How to parse custom operators inside a evaluable python string?

Question:

Having a formula as a string like:

str_forumla = "x > 0 AND y < 5 AND 'this AND that' in my_string"

Where the python operator "&" have been substituted by "AND" (but the string AND was not affected) how to revert the operation so we get the original formula:

python_formula = "x > 0 & y < 5 AND 'this AND that' in my_string"

I already got a terrible looking solution (that works both for ‘ and " strings), but as you may seen it is not elegant at all, and I was wondering if there is any easier way of doing this, maybe using ast or any kind of trick assigning the operator to the variable "AND" (as the goal is to evaluate the expresion).
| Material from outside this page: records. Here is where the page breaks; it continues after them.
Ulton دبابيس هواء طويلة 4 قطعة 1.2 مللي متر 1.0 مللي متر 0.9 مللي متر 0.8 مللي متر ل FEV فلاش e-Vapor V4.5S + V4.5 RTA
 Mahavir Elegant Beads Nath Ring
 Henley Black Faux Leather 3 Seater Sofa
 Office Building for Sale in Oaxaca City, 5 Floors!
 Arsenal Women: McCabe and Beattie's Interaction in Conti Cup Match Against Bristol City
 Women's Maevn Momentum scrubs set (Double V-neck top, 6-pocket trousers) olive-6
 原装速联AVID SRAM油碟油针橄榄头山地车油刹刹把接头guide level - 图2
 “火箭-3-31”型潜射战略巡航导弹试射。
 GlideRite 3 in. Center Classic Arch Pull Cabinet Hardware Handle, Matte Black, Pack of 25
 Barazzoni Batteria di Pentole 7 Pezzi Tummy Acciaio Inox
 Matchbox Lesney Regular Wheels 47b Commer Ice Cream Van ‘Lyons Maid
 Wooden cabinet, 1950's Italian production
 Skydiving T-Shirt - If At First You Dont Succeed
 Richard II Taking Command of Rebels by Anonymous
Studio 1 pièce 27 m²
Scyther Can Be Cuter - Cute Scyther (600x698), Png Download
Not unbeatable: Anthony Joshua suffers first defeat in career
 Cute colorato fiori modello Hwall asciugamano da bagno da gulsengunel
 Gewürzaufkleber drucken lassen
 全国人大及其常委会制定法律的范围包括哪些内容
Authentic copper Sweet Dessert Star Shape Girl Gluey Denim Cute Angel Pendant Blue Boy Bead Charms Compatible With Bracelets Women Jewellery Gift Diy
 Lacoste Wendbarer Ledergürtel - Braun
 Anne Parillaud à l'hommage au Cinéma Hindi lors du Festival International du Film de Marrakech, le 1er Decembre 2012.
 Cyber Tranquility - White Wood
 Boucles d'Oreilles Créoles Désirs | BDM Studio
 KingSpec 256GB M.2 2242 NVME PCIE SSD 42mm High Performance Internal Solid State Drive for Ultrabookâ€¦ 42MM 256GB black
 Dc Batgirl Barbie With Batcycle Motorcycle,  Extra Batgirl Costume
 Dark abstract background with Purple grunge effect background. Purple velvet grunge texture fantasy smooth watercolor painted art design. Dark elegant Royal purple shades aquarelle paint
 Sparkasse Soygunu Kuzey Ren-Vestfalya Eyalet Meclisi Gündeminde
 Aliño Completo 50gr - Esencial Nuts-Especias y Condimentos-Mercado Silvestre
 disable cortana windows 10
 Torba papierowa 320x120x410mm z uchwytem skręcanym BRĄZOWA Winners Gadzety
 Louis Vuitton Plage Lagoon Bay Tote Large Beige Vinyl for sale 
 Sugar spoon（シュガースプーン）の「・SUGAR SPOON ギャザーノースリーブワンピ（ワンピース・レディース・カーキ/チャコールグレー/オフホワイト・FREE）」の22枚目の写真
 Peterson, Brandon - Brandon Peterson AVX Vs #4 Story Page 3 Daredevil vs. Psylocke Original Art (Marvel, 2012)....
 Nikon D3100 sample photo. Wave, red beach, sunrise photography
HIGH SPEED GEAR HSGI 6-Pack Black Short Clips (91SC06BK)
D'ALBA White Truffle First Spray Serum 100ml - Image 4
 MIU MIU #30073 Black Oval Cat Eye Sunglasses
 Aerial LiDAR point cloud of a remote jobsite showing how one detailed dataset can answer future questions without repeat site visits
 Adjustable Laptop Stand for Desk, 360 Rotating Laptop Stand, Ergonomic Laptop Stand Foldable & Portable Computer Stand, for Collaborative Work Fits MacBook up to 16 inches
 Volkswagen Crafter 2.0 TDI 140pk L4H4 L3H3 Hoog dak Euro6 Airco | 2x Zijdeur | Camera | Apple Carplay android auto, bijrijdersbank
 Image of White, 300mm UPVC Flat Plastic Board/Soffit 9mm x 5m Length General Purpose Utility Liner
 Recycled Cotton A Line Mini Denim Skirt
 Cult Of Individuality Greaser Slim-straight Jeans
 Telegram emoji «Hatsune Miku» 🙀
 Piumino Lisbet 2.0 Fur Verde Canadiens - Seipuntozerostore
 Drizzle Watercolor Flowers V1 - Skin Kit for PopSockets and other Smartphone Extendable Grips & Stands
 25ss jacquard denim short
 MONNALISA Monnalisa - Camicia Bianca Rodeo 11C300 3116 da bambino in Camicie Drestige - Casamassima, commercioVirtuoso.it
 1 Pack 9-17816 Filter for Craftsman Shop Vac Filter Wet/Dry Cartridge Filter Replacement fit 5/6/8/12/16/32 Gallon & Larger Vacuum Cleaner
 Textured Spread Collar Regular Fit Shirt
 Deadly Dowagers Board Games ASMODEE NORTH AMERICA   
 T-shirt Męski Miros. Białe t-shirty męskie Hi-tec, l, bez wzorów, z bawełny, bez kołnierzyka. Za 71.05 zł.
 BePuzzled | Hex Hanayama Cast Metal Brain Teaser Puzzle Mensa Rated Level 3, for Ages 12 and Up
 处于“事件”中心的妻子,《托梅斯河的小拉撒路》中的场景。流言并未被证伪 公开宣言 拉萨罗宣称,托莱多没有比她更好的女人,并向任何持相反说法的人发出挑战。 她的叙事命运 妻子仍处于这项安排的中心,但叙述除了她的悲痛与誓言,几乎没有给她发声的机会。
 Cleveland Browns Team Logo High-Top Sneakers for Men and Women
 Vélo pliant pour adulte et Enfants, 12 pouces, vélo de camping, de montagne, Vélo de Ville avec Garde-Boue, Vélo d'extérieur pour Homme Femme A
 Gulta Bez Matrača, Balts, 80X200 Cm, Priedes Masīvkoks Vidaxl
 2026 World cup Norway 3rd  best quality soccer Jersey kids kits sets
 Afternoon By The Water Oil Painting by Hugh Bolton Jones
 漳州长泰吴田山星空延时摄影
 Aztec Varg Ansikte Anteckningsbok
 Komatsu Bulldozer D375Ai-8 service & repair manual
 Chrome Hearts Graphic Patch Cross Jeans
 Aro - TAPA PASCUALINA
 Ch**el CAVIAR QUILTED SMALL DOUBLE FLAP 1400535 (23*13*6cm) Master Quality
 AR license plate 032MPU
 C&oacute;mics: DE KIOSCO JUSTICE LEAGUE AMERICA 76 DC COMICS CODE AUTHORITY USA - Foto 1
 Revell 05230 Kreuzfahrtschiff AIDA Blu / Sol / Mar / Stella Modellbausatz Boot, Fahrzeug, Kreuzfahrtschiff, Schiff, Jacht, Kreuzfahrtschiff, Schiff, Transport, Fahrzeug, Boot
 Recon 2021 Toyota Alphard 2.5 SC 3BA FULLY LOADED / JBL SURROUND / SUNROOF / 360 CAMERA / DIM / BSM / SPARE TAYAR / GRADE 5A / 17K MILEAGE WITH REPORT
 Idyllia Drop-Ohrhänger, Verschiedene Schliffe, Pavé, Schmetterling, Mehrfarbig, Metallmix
formula = 'x > 0 AND y < 5 AND "this AND that" in my_string'

# invert the "AND" operators outside of quotes
inverted_formula = ''
in_quote = False
i = 0
while i < len(formula):
    # check if we are inside a quote
    if formula[i] == "'" or formula[i] == '"':
        inverted_formula += formula[i]
        in_quote = not in_quote
        i += 1
        continue

    # check if we have an "AND" operator outside of quotes
    if formula[i:i+3] == "AND" and not in_quote:
        inverted_formula += "&"
        i += 3
        continue

    # copy the current character to the inverted formula string
    inverted_formula += formula[i]
    i += 1

print(inverted_formula)

Another option (this not fully functional yet cause only support ") would be with regex:

pattern = re.compile(r'bANDb(?=([^"]*"[^"]*")*[^"]*$)')
inverted_formula = re.sub(pattern, '&', formula)

But I’m looking for an easier solution that works for single and double quoted strings as I may need to change more operators like OR AND NOT for |,~, and I’m not sure that my solution will work in more complex cases, any idea?

Harder examples:

f = "x > 0 AND y < 5 AND 'this AND tha't' in my_string AND 'this AND tha't' in my_string"
f2 = 'x > 0 AND y < 5 AND "this AND tha't" in my_string AND "this AND tha't" in my_string'
f3 = "'this AND tha't' in my_string AND 'this AND that' in my_string"
Asked By: Ziur Olpa

||

Answers:

Here is a simple example working for the proposed string.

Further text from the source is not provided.